TASK INSTRUCTIONS: Retype every record exactly. Leave the pictures out.

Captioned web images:
------------
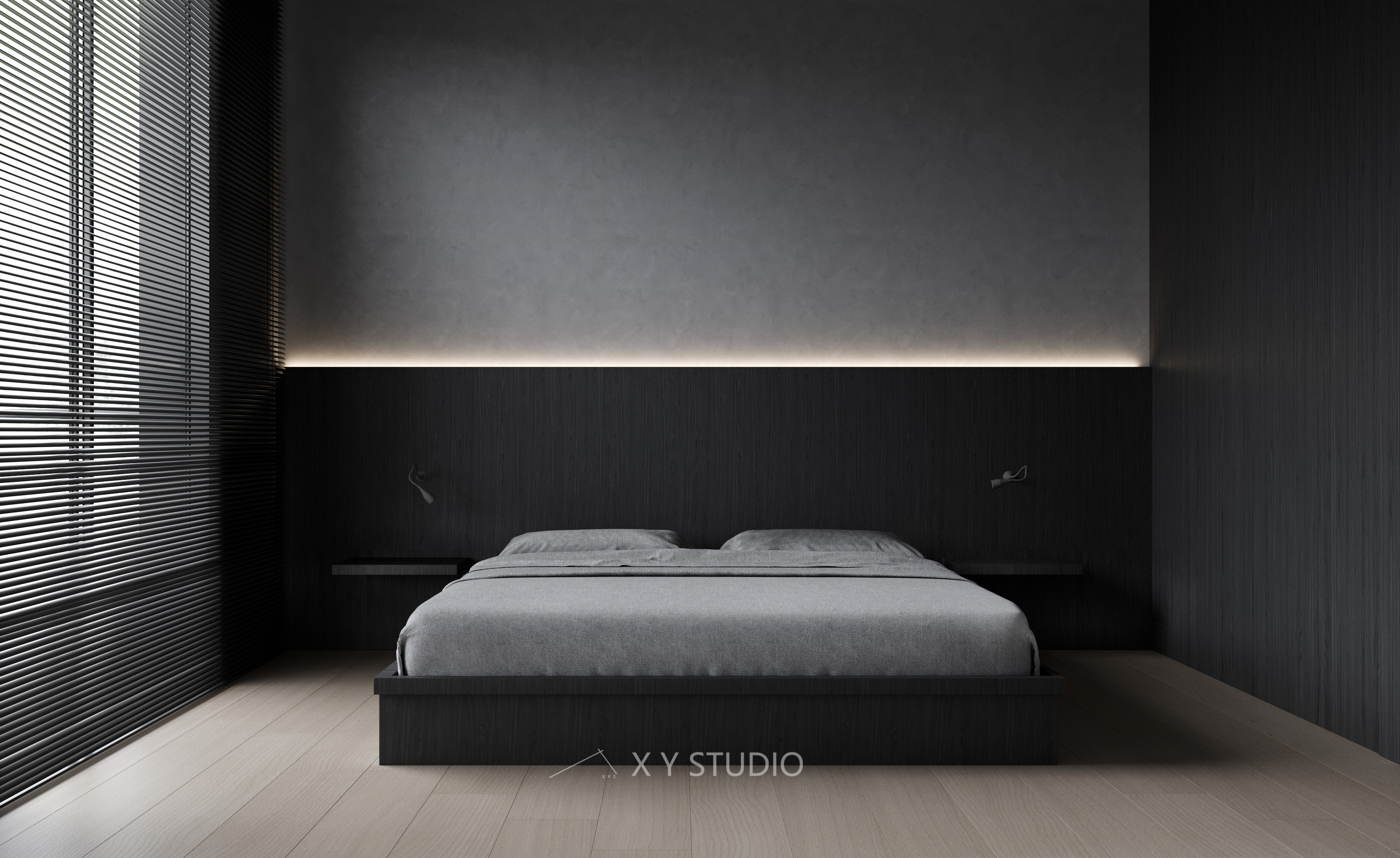 三维建模软件-11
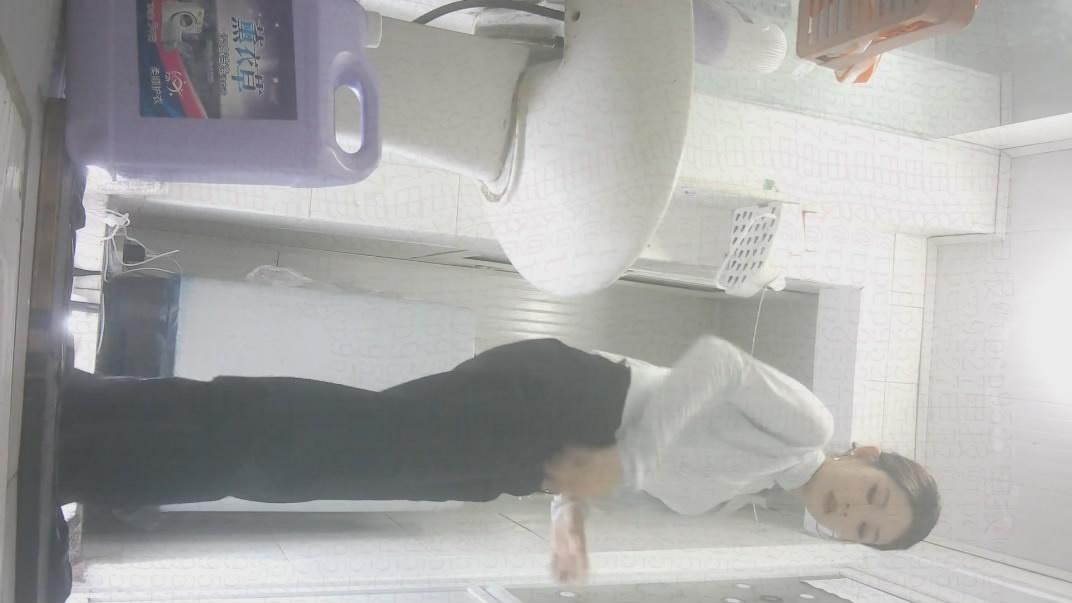 ❤️❤️❤️P站著名博主淫欲少婦法籍亞裔「Nicolove」OF露臉性愛私拍頂級亞裔網黃挨操阿黑顏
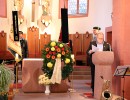 volkstrauertag 171124 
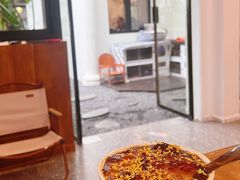 -老地方猫儿面(磁器口店)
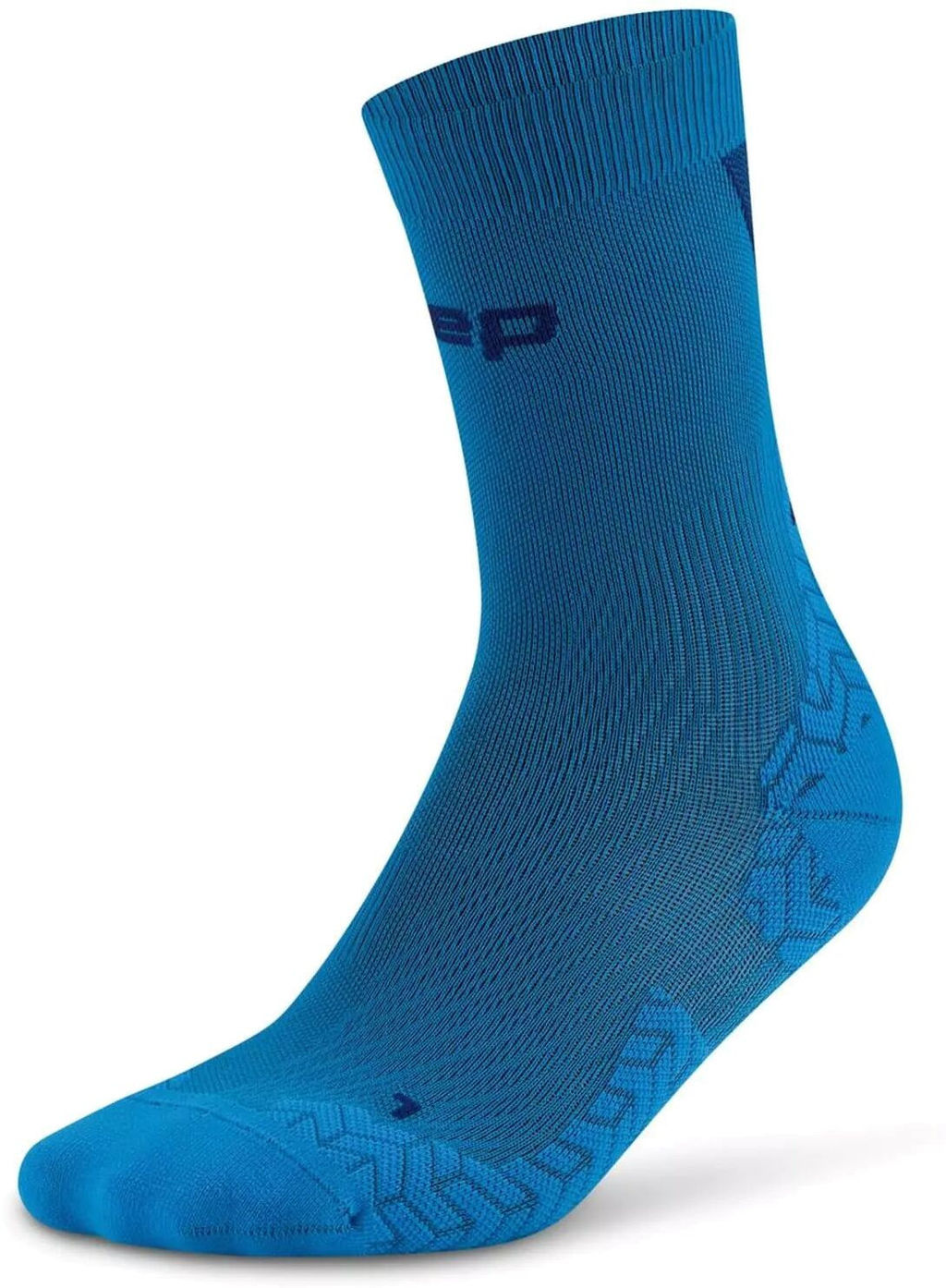 Гольфы женские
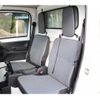 suzuki carry-truck 2020 GOO_JP_700070848730241008001 image 18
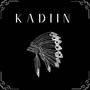 KADIIN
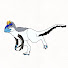 nT6w6ICKbGQ-channel-avatar-THEyutyrannus_king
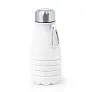  Sklopiva sportska boca s karabinerom, 550 ml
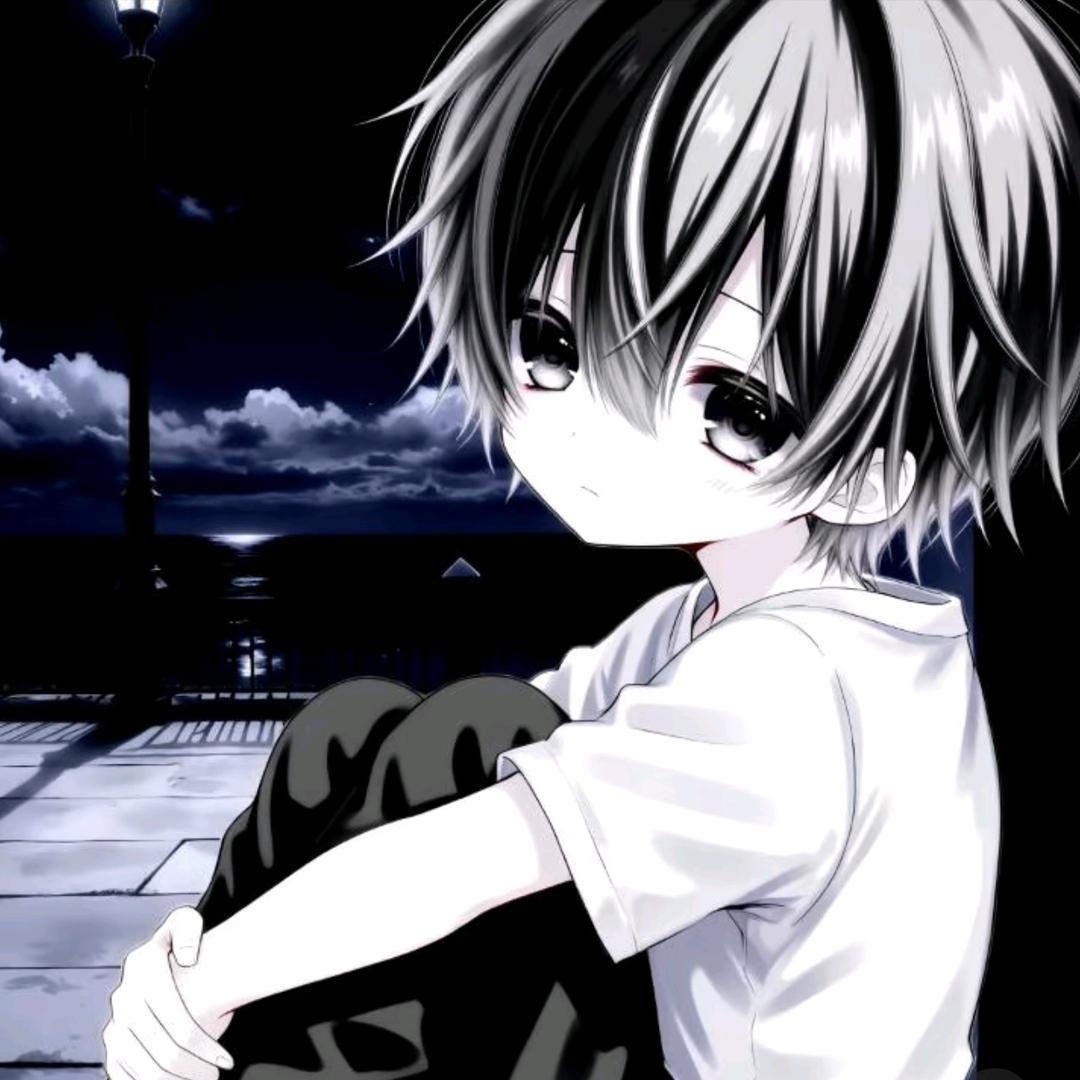 江苏最后一个处男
------------
RESULT FOR THIS TASK:
 三维建模软件-11
 ❤️❤️❤️P站著名博主淫欲少婦法籍亞裔「Nicolove」OF露臉性愛私拍頂級亞裔網黃挨操阿黑顏
 volkstrauertag 171124 
 -老地方猫儿面(磁器口店)
 Гольфы женские
 suzuki carry-truck 2020 GOO_JP_700070848730241008001 image 18
 KADIIN
 nT6w6ICKbGQ-channel-avatar-THEyutyrannus_king
  Sklopiva sportska boca s karabinerom, 550 ml
 江苏最后一个处男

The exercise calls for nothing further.